POSITIVE GOLDEN RULE

Tuesday, 12th Week in Ordinary Time           

            “Do to others as you would have them do to you.”

            Jesus’ teaching on treating others as one wishes to be treated is often referred to as the Golden Rule. Actually, this is not an exclusively Christian teaching. There are equivalents of the Golden Rule that exist in many other creeds and famous minds, but they are formulated in its negative form: “Do not do to others whatever you would not have them do to you.”

            It is important to see the significant difference between the negative form and the positive form of the Golden Rule. When this rule is put in its negative form – that is, when we are told that we must refrain from doing to others that which we’d not wish them do to us – it is not essentially a religious rule at all. It is simply a common-sense statement. (William Barclay) The Golden Rule in its negative form is being followed by people, not to be holy, but simply to survive. And a goodness or holiness which consists in or based on doing nothing is a contradiction of everything that Christian goodness means.

            “The very essence of Christian conduct is that it consists, not in refraining from bad things, but in actively doing good things.” (William Barclay)In other words, when the Golden Rule is put positively – when we are told that we must actively do to others what we would have them do to us – a new principle enters into life. A new attitude toward our neighbor is introduced. The Golden Rule, in its positive form, then, becomes a sacred rule.
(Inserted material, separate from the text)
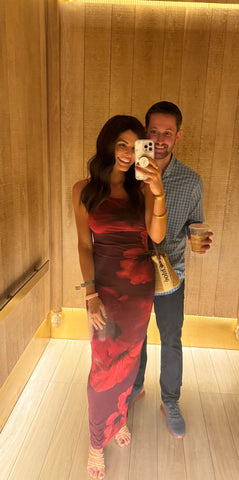 Blue Blush Burgundy Floral Dress - Size S (See Notes)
            Jesus commands us not by saying, “Do not take revenge against your enemies,” but by telling us, “Love your enemies.” Jesus urges us not by saying, “Do not do bad things to them,” but by telling us, “Do good to those who hate you.” Jesus compels us not by saying, “Do not say bad things to them,” but by telling us, “Bless those who curse you.” Jesus directs us not by saying, “Don’t wish evil things for them,” but by telling us, “Pray for those who mistreat you.” Actions like these show a certain attitude to one’s fellow human being. It is the attitude that makes us treat our fellow human beings, not as the law allows, but as love demands.

            “Do to others as you would have them do to you.”